Lattice gauge fields and discrete non-commutative Yang-Mills theory

Abstract

We present a lattice formulation of non-commutative Yang-Mills theory in arbitrary even dimensionality. The UV/IR mixing characteristic of non-commutative field theories is demonstrated at a completely non-perturbative level. We prove a discrete Morita equivalence between ordinary Yang-Mills theory with multi-valued gauge fields and non-commutative Yang-Mills theory with periodic gauge fields. Using this equivalence, we show that generic non-commutative gauge theories in the continuum can be regularized non perturbatively by means of ordinary lattice gauge theory with 't Hooft flux. In the case of irrational non-commutativity parameters, the rank of the gauge group of the commutative lattice theory must be sent to infinity in the continuum limit.
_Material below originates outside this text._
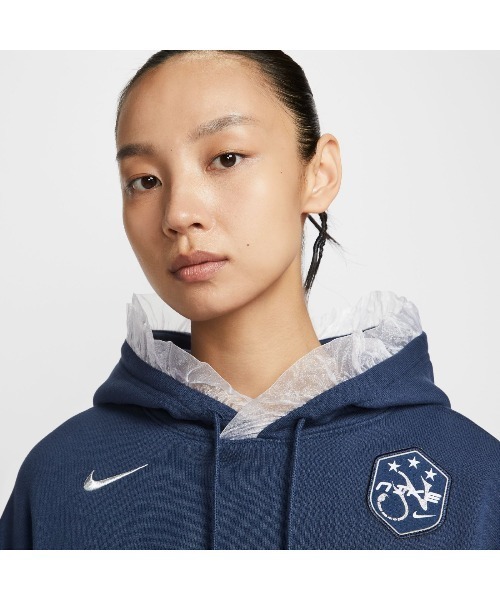 NIKE（ナイキ）の「NIKE AS W NSW OS FLC CROP（ナイキ ウィメンズ オーバーサイズ クロップド フレンチテリー プルオーバーフーディ）（パーカー・レディース・ネイビー系/ホワイト・MEDIUM/SMALL/LARGE）」の20枚目の写真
As a special case, the construction includes the recent description of non-commutative Yang-Mills theories using twisted large-N reduced models. We study the coupling of non-commutative gauge fields to matter fields in the fundamental representation of the gauge group using the lattice formalism. The large mass expansion is used to describe the physical meaning of Wilson loops in non-commutative gauge theories. We also demonstrate Morita equivalence in the presence of fundamental matter fields and use this property to comment on the calculation of the beta-function in non-commutative quantum electrodynamics.